Renal, Electrolyte, and Hypertension Division, Department of Medicine.
Institute for Diabetes, Obesity, and Metabolism.
J Clin Invest. 2023 Feb 15;133(4):e165654. doi: 10.1172/JCI165654.
Kidney disease is a major driver of mortality among patients with diabetes and diabetic kidney disease (DKD) is responsible for close to half of all chronic kidney disease cases.
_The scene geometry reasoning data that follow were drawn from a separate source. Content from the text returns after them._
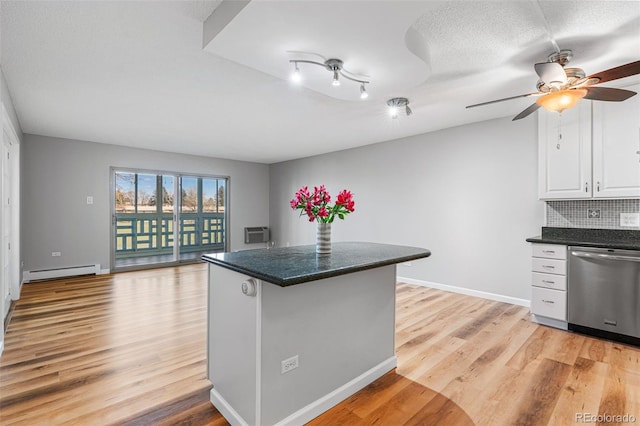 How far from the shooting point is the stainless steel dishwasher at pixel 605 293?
2.77 m

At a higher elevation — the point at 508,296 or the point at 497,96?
the point at 497,96

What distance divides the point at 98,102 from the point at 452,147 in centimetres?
449

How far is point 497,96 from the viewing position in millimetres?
3254

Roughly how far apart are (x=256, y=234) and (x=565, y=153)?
613 centimetres

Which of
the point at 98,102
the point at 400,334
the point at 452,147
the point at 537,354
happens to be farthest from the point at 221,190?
the point at 537,354

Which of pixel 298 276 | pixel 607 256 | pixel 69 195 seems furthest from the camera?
pixel 69 195

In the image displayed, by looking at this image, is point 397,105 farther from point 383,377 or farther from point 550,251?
point 383,377

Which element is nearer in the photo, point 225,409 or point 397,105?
point 225,409

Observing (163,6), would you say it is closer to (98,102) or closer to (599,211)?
(98,102)

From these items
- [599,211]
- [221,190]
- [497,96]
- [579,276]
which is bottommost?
[579,276]

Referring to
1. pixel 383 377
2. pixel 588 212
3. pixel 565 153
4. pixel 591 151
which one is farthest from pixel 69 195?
pixel 588 212

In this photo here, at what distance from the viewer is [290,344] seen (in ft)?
5.65

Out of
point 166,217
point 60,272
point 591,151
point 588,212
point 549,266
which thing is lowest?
point 60,272

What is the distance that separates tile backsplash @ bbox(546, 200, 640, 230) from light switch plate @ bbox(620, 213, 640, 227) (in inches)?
1.2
DKD usually develops in a genetically susceptible individual as a result of poor metabolic (glycemic) control. Molecular and genetic studies indicate the key role of podocytes and endothelial cells in driving albuminuria and early kidney disease in diabetes. Proximal tubule changes show a strong association with the glomerular filtration rate. Hyperglycemia represents a key cellular stress in the kidney by altering cellular metabolism in endothelial cells and podocytes and by imposing an excess workload requiring energy and oxygen for proximal tubule cells. Changes in metabolism induce early adaptive cellular hypertrophy and reorganization of the actin cytoskeleton. Later, mitochondrial defects contribute to increased oxidative stress and activation of inflammatory pathways, causing progressive kidney function decline and fibrosis. Blockade of the renin-angiotensin system or the sodium-glucose cotransporter is associated with cellular protection and slowing kidney function decline. Newly identified molecular pathways could provide the basis for the development of much-needed novel therapeutics.
肾脏疾病是糖尿病患者死亡的主要原因,而糖尿病肾病(DKD)导致了近一半的慢性肾病病例。DKD 通常在遗传易感个体中由于代谢(血糖)控制不佳而发展。分子和遗传研究表明,足细胞和内皮细胞在驱动糖尿病中的白蛋白尿和早期肾脏疾病方面起着关键作用。近端肾小管的变化与肾小球滤过率密切相关。高血糖通过改变内皮细胞和足细胞的细胞代谢,并对近端肾小管细胞施加需要能量和氧气的过量工作负荷,从而对肾脏造成关键的细胞应激。代谢变化诱导早期适应性细胞肥大和肌动蛋白细胞骨架的重组。随后,线粒体缺陷导致氧化应激增加和炎症途径激活,导致肾功能进行性下降和纤维化。肾素-血管紧张素系统或钠-葡萄糖共转运蛋白的阻断与细胞保护和减缓肾功能下降有关。新发现的分子途径可能为急需的新型治疗方法提供基础。